***** Supplied material *****

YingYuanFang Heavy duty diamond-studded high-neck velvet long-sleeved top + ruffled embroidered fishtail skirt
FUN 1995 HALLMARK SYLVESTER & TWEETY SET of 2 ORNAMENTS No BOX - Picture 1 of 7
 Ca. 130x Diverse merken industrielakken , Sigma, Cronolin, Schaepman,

*****

> _Exercise objective_: The data must be transcribed in full. Every word stays the same.

> _Expected answer_:
YingYuanFang Heavy duty diamond-studded high-neck velvet long-sleeved top + ruffled embroidered fishtail skirt
FUN 1995 HALLMARK SYLVESTER & TWEETY SET of 2 ORNAMENTS No BOX - Picture 1 of 7
 Ca. 130x Diverse merken industrielakken , Sigma, Cronolin, Schaepman,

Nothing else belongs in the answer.